CENDRILLON AU FAR WEST
Trop de détail tue le détail
Certainement captivés par la découverte d'un livre regroupant des centaines de versions différentes du conte de Cendrillon, Pascal Hérold ("La véritable histoire du chat botté") et ses scénaristes se sont fendu de leur propre version. Et ils y ont mêlé allégrement une Cendrillon rebelle biche, ayant perdu non pas un soulier mais une dent, une comtesse russe pintade et un vilain pirate singe au bateau échoué en plein désert et répondant comme par hasard au doux nom de Barbazul (barbe bleu pour ceux qui n'auraient pas compris).
Ce qui apparaît vite comme un fatras d'histoires différentes se focalise étrangement sur des questions d'argent, joué au poker, volé ou prenant la forme d'une dote. Et les petits pourraient bien se perdre face à la quantité de personnages secondaires plus ou moins développés. Quant aux plus grands, il s'agaceront du manichéisme ambiant, et notamment du portrait de la famille de la belle-mère, une chienne qui parle comme un charretier.
Ajoutez à cela des dialogues affligeants (les fameux proverbes déformés du Chamane qui ne feront pas rire les adultes, et encore moins les enfants...), des personnages ou scènes pas drôles (le Chamane qui fait apparaître des dindes, les pitreries sur scène des deux sœurs capables uniquement de chanter faux...) et les voix reconnaissables des doubleurs (De Caunes agace par la fausse et méprisante désinvolture de son personnage, Yolande Moreau est ordurière à l'excès...) et vous aurez une idée de l'ampleur du désastre.
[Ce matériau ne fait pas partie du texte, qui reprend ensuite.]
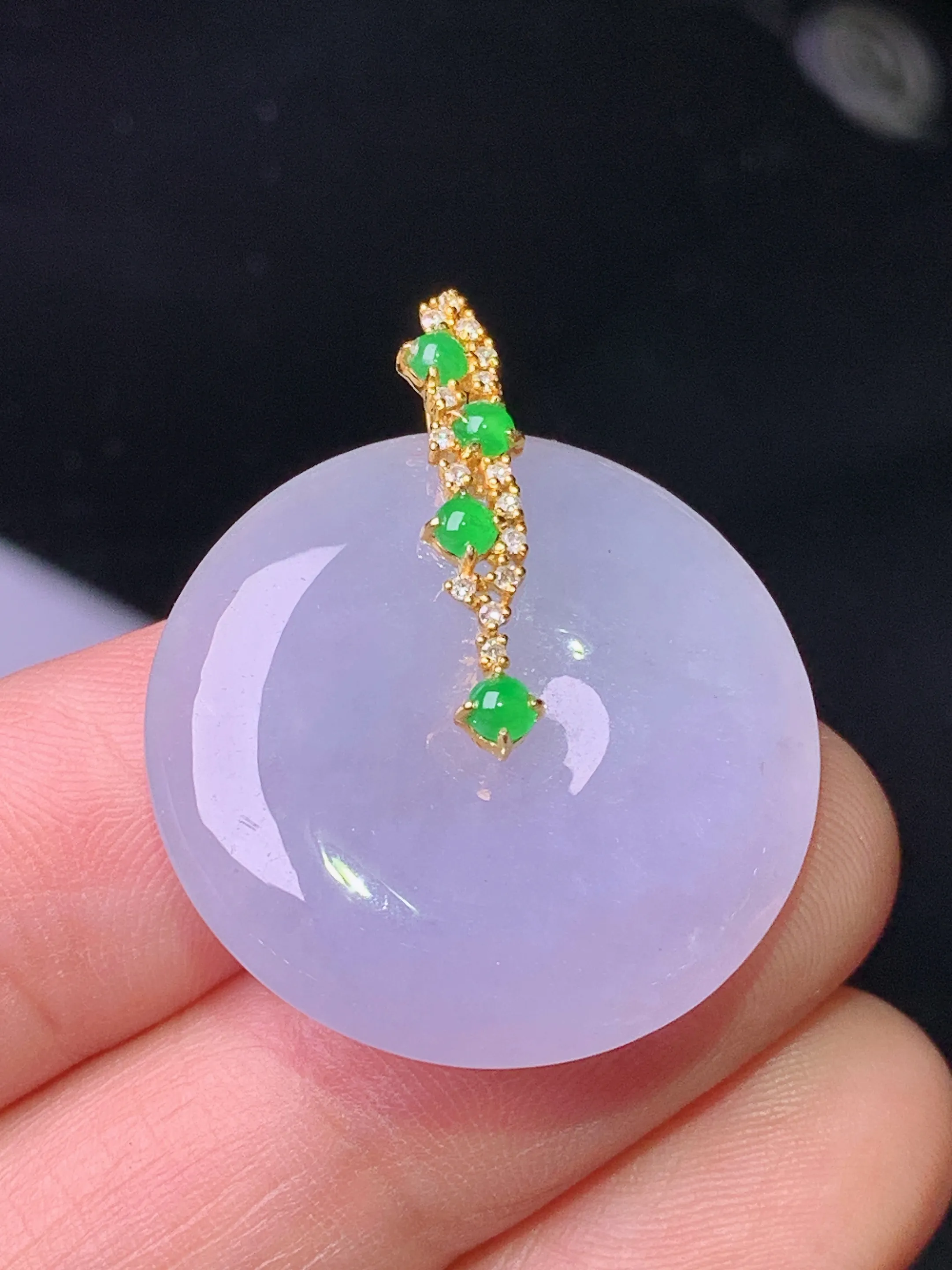 18k金钻镶嵌紫罗兰平安扣吊坠 玉质细腻 色泽清新艳丽 整体尺寸30.2*25*5.5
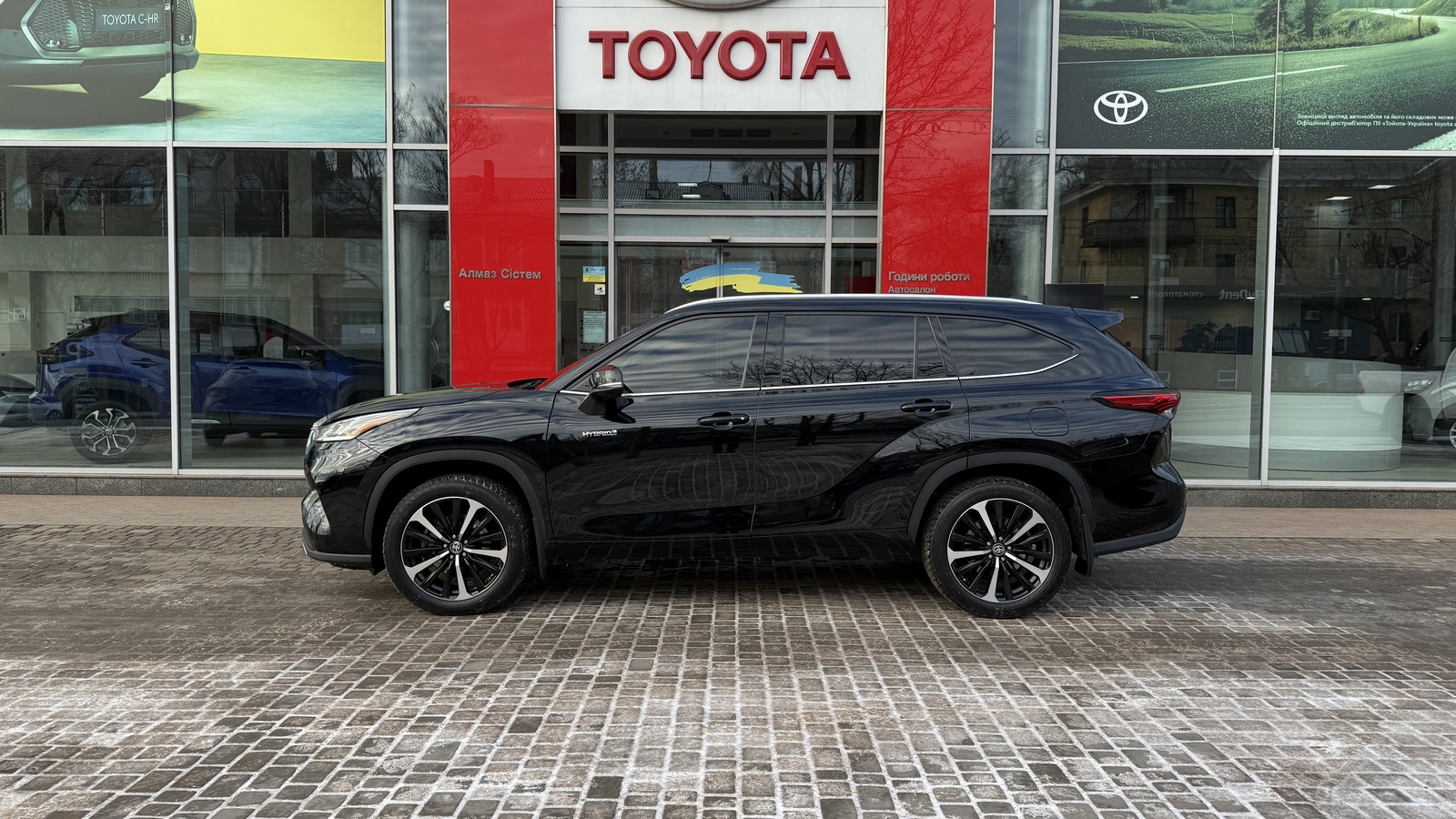 Toyota HIGHLANDER 2021 року з пробігом 147647 км, Універсал, Тойота Центр Кривий Ріг "Алмаз Сістем", м.Кривий Ріг - 1939500 ГРН | Фото № 3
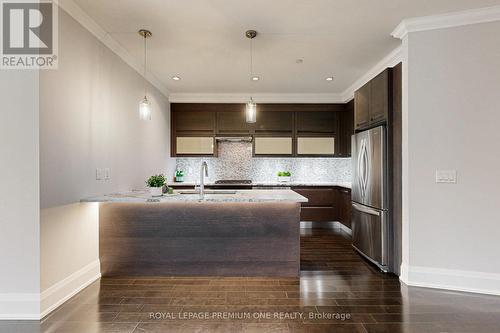 110 - 10360 Islington Avenue, Vaughan, ON - Indoor Photo Showing Kitchen With Upgraded Kitchen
Si l'on saluera cependant l'intention volontaire de s'éloigner des formats actuels et lisses de l'animation 3D ou non, Hérold s'étant inspiré des codes du théâtre et du baroque, on sera surpris par l'esthétique pauvre de l'ensemble. Car le travail minutieux d'animation pour donner à chacun de ces animaux un aspect réaliste (voir les détails des visages et poils des chiens ou de la biche...) est complètement anéanti par leur absence quasi totale d'expression, et par le choix discutable d'affubler les pauvres animaux de costumes moulants voire trop courts. D'autant que le contraste volontairement appuyé entre les corps des "méchants" plutôt disproportionnés (à l'image des deux chiens vigiles à l'entrée du saloon, ou des deux sœurs qui se croient irrésistibles) et les formes généreuses et aguichantes de Cendrillon (jeans moulant et croupe chaloupée...) finissent de rendre l'ensemble caricatural. Dommage.